** Opening DATA TO USE block **
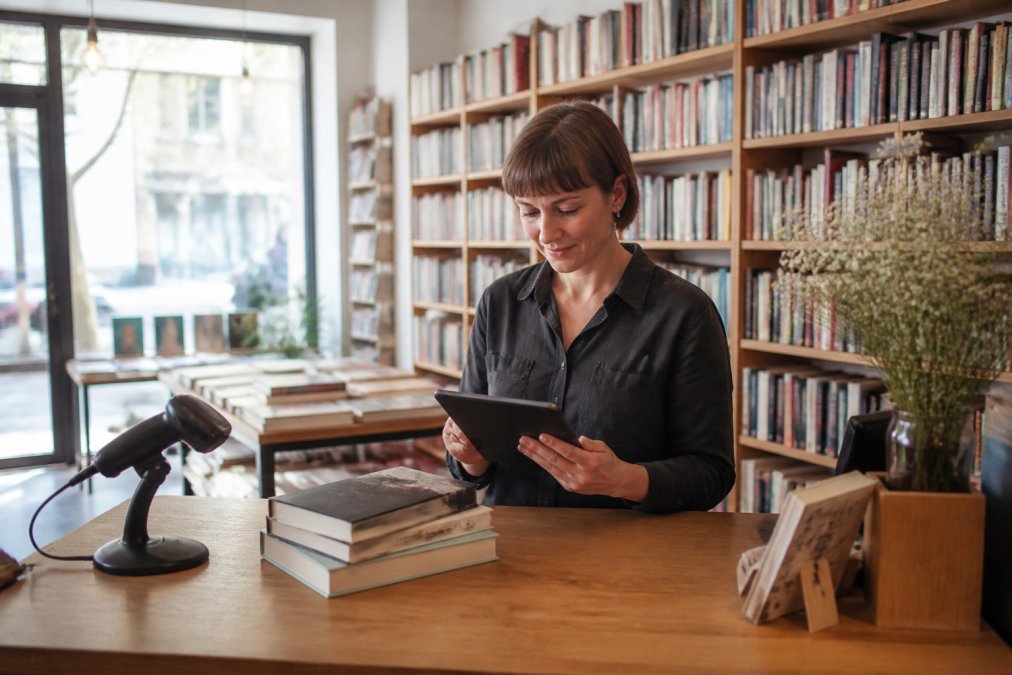 Una libraia indipendente al bancone che gestisce le vendite con un tablet, scaffali di libri sullo sfondo, un lettore di codici a barre vicino alla cassa, luce naturale dalla vetrina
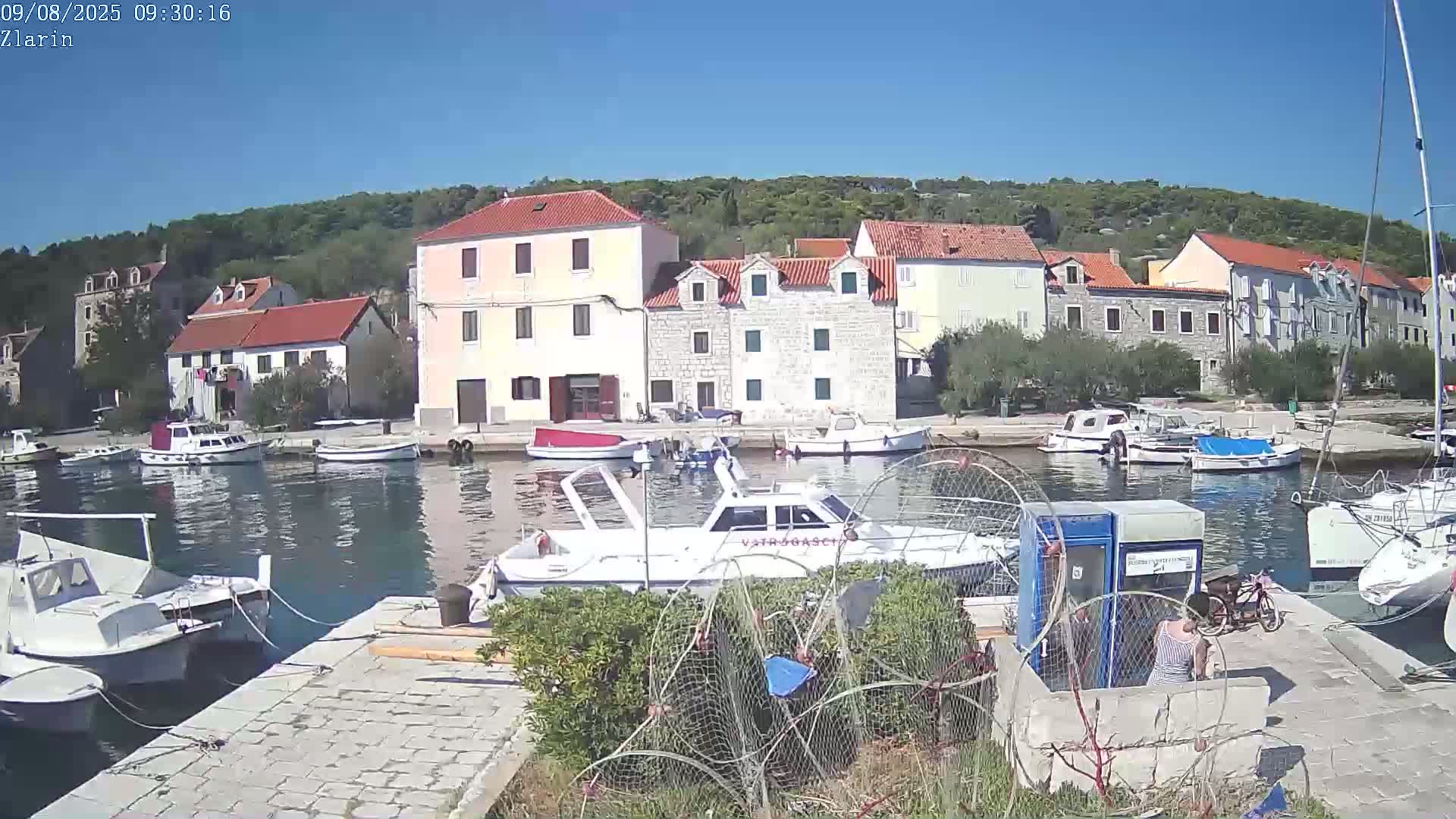 A sunny day shows a calm harbor filled with boats, alongside a waterfront village of stone and stucco buildings, backed by green hills.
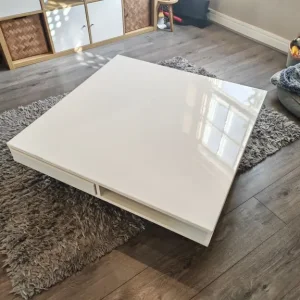 Large white coffee table with chrome legs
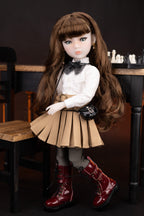 Doll with long brown hair, white blouse, beige pleated skirt, and red boots in a dark setting.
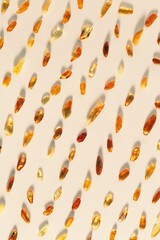 Natural Amber texture background, yellow orange color stones with glare shadows on beige. Natural gemstone mineral material for jewelry. Transparent pieces gem Amber, vertical photo pattern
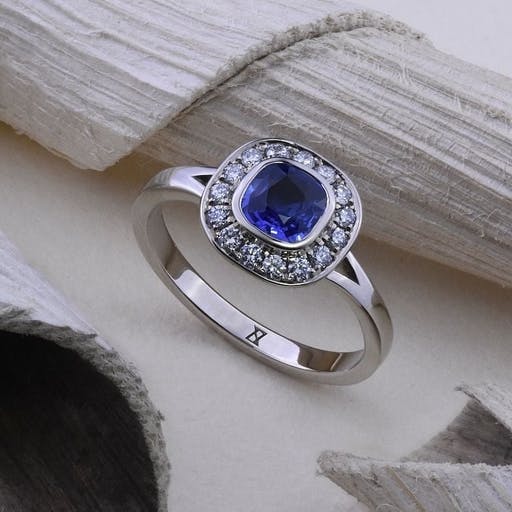 A cushion cut sapphire ring.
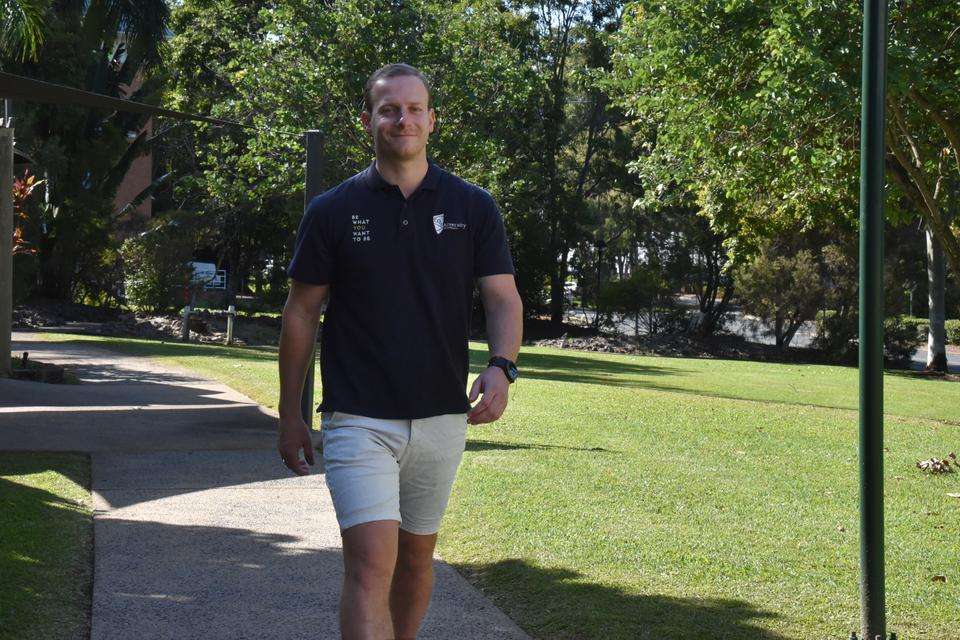 CQUniversity Head of Course for Podiatry, Dr Benjamin Peterson walking along a footpath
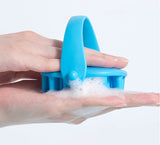 Shampoobürste mit Handschlaufe und Schaum – Anwendung am baugleichen blauen Modell; geliefert wird Grau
** Closing DATA TO USE block **
### ACTIVITY
Skip the pictures and print each record exactly as it stands.

### RESULT FOR THIS EXERCISE
 Una libraia indipendente al bancone che gestisce le vendite con un tablet, scaffali di libri sullo sfondo, un lettore di codici a barre vicino alla cassa, luce naturale dalla vetrina
 A sunny day shows a calm harbor filled with boats, alongside a waterfront village of stone and stucco buildings, backed by green hills.
 Large white coffee table with chrome legs
 Doll with long brown hair, white blouse, beige pleated skirt, and red boots in a dark setting.
 Natural Amber texture background, yellow orange color stones with glare shadows on beige. Natural gemstone mineral material for jewelry. Transparent pieces gem Amber, vertical photo pattern
 A cushion cut sapphire ring.
 CQUniversity Head of Course for Podiatry, Dr Benjamin Peterson walking along a footpath
 Shampoobürste mit Handschlaufe und Schaum – Anwendung am baugleichen blauen Modell; geliefert wird Grau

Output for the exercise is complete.